***** Source records *****

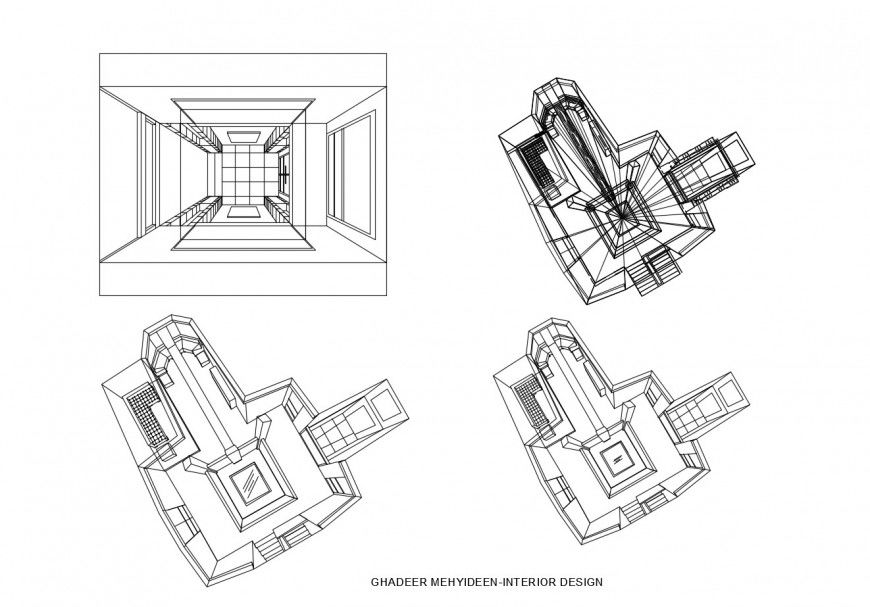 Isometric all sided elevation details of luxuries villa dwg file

*****
***** Source records *****

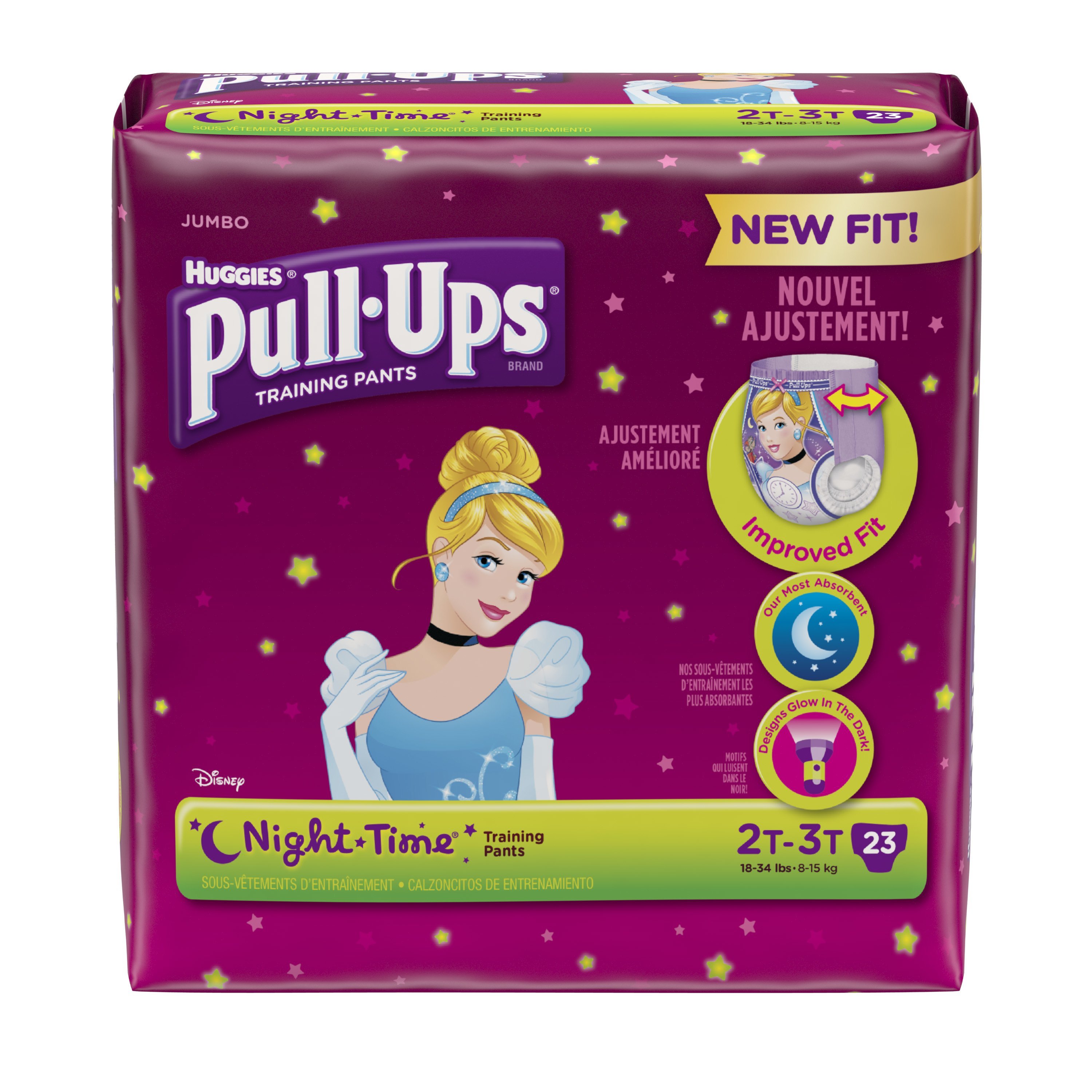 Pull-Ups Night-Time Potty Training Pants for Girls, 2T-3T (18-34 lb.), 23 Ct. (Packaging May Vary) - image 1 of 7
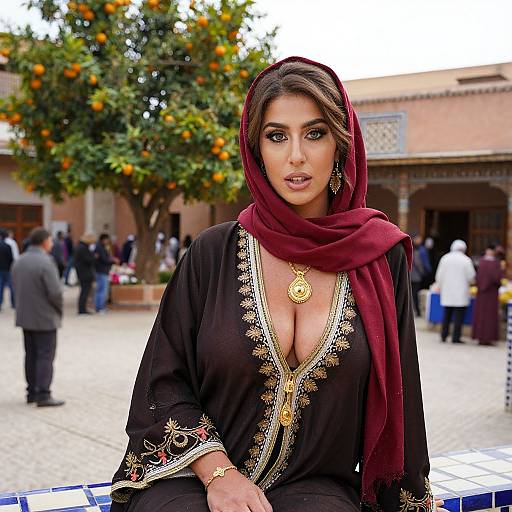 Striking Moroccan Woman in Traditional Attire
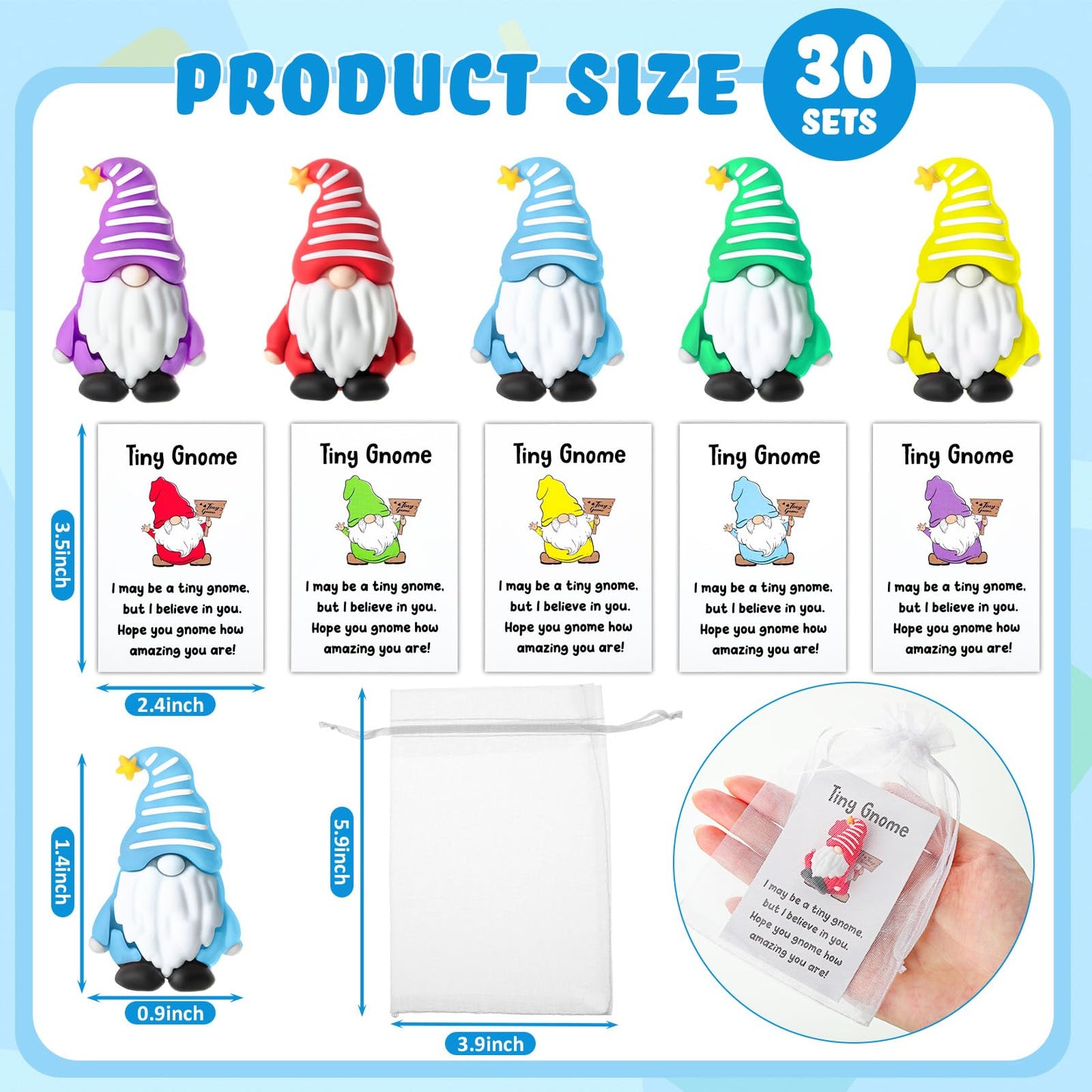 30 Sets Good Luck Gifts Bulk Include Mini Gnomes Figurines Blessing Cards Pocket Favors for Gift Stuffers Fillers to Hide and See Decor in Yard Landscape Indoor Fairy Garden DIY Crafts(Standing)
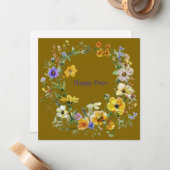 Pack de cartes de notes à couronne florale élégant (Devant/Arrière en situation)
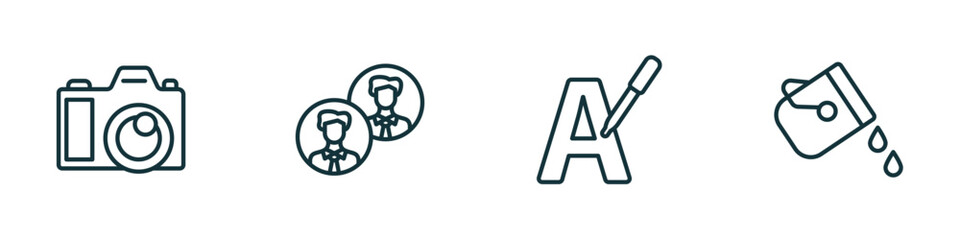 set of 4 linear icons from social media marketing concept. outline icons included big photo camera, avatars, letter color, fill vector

*****

» **Task goal**
In the listing above, find the line with "Pack de cartes" and the line with "set of 4 linear". Copy exactly those two and every line between, without the pictures.

» **Answer section**
 Pack de cartes de notes à couronne florale élégant (Devant/Arrière en situation)
 set of 4 linear icons from social media marketing concept. outline icons included big photo camera, avatars, letter color, fill vector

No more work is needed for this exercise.